Prompt: Could you print the stretch of lines below from the one with "The Life Styles Hotel Surabaya" through the one with "Maisons Blanches traditionnelles", exactly as they stand and without any pictures?

━━ Record excerpts

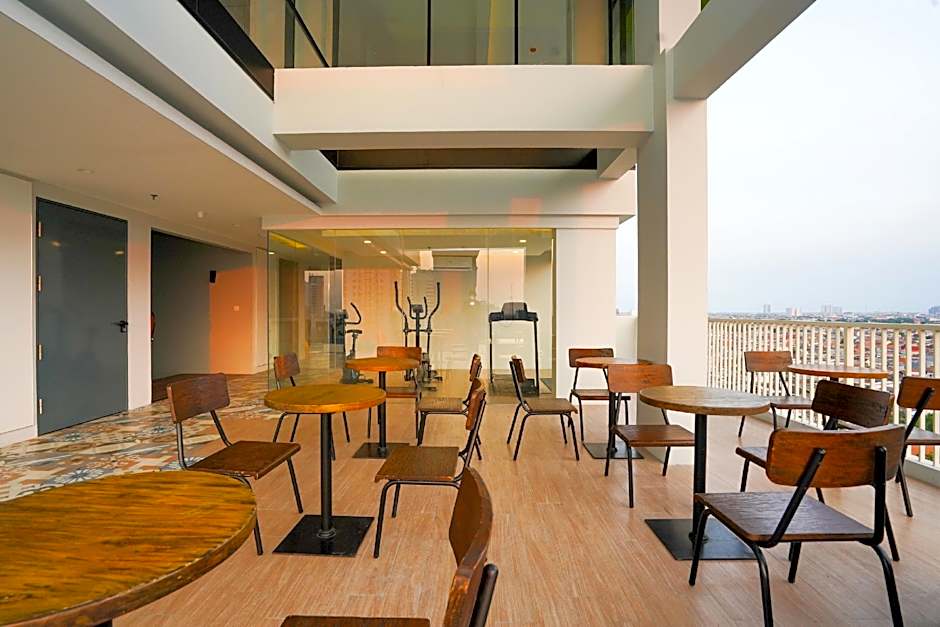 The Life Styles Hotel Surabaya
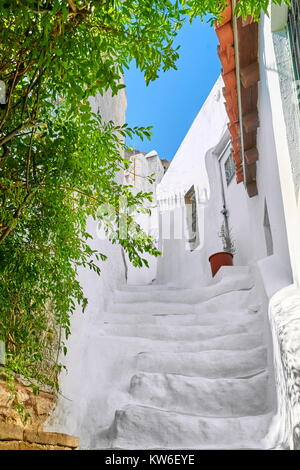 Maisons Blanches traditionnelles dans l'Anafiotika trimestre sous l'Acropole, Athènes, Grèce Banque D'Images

━━━━
━━ Record excerpts

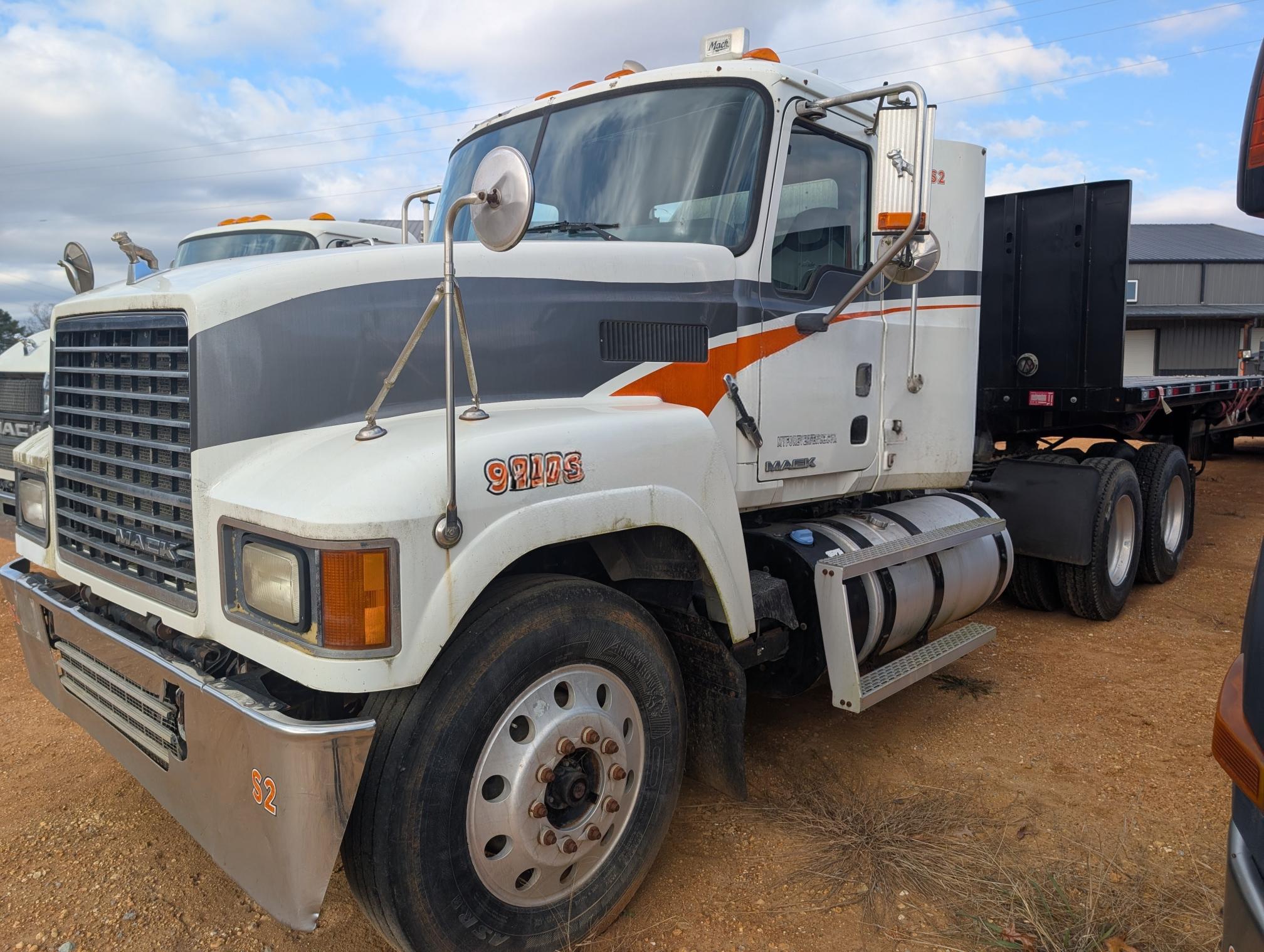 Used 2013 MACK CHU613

━━━━
━━ Record excerpts

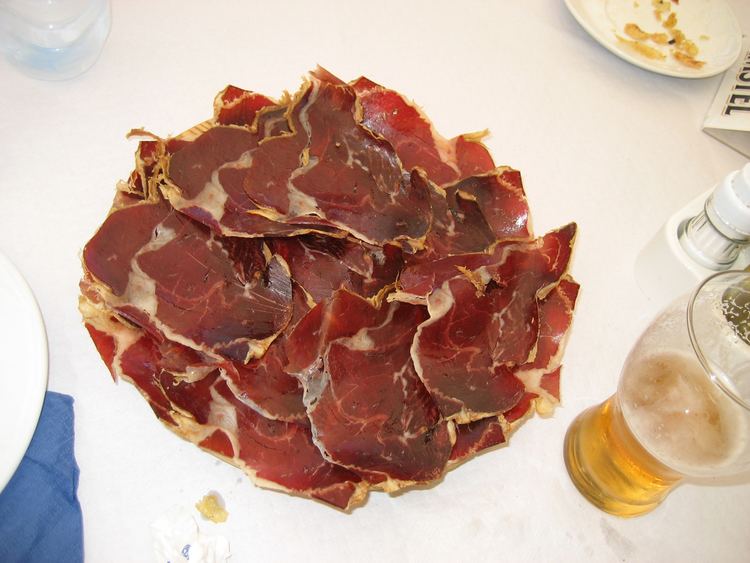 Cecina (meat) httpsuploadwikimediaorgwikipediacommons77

━━━━

Response area:
 The Life Styles Hotel Surabaya
 Maisons Blanches traditionnelles dans l'Anafiotika trimestre sous l'Acropole, Athènes, Grèce Banque D'Images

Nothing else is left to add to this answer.